Coral Kyriale, Casa de Cultura, Bragança Paulista
© Foto: H. Hülskath, 2002
Archiv A.B.E.-I.S.M.P.S.

 

ESTUDOS CULTURAIS DO INTERIOR: HISTÓRIA DE UM IDEAL DE RENOVAÇÃO DAS CIÊNCIAS E DAS ARTES

Conferência no centro de convenções Santo Agostinho
Encontro FESB - Academia Brasil-Europa

[trechos]

Antonio Alexandre Bispo

 

A.A.Bispo e o regente do Coral Kyriale, Bragança Paulista
© Foto: H. Hülskath, 2002 - Archiv A.B.E.-I.S.M.P.S.
Senhora Presidente da FESB,
Senhoras e Senhores,

é com grande satisfação que efetivamos o nosso há muito acalentado intuito de realizar uma das sessões do Congresso de Estudos Euro-Brasileiros 2002 nesta cidade de Bragança Paulista. Gostaria de agradecer à Sra., Profa. Vera Lucia Frangini, e à equipe de sua Fundação Municipal de Ensino Superior por ter possibilitado esta nossa confraternização.

Os Senhores certamente se perguntam por que é que damos tanto valor em ver Bragança representada na programação deste simpósio. A razão reside no vínculo histórico que une as instituições que presido com esta cidade. O nosso mentor, Martin Braunwieser, nascido em Salzburg em 1901 e falecido em São Paulo, em 1991, para aqui veio em 1927, com a intenção de exercer nesta cidade o seu apostolado artístico-filosófico-musical, ideais que constituem os fundamentos da atual Akademie Brasil-Europa. Já aqui vivia o seu cunhado, Demetrio Kipmann, maestro e professor que marcou profundamente a vida musical bragantina por décadas e que tem hoje o seu nome perpetuado no Casa da Cultura.

Qual era o projeto do Maestro Kipmann em fazer com que a sua irmã, Tatiana e Martin Braunwieser viessem da Grécia, onde então atuavam, para esta cidade? Qual eram as expectativas e os planos do casal Braunwieser quando abandonaram o famoso Odeion de Atenas para emigrarem para uma cidade do interior de São Paulo?

As concepções do Maestro Kipmann somente podem ser entendidas se considerarmos a sua formação musical e filosófica no Exterior, a sua cosmovisão, e o ambiente musical que encontrara em Bragança à época de sua chegada.

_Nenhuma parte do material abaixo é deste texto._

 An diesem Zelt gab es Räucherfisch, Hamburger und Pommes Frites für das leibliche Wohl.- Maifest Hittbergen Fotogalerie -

À época da chegada de Demétrio Kipmann, a vida cultural e musical de várias cidades do Interior de São Paulo, também a de Bragança, era fortemente influenciada por imigrantes italianos. Isso se manifestava nos repertórios das corporações militares, na música para piano e canto, assim como na música sacra. Em Bragança, uma das entidades mais influentes era a Sociedade Democrática Italiana. À época da chegada de Demétrio Kipmann, a grande novidade era o cinema, então mudo, acompanhado por orquestra no Central Theatro, cuja regência ele assumiu. Esse trabalho não estava naturalmente à altura de sua formação musical na antiga Rússia e nem muito menos de acordo com as suas sérias concepções a respeito do valor cultural e espiritual da arte musical. Para ele, apesar do apoio de membros da colonia italiana da cidade, sobretudo de Augusto Di Giorgio, Bragança tinha a necessidade de uma verdadeira transformação cultural. Assim, a vinda de sua irmã Tatiana representava uma oportunidade única para o início de uma atividade profundamente renovadora da cultura. Ela era espiritualizada segundo os ideais da teosofia e da antroposofia e vinha acompanhada pelo seu marido, Martin Braunwieser, imbuído dos ideais mozartianos e de renovação espiritual e estilística da cultura musical de Salzburg.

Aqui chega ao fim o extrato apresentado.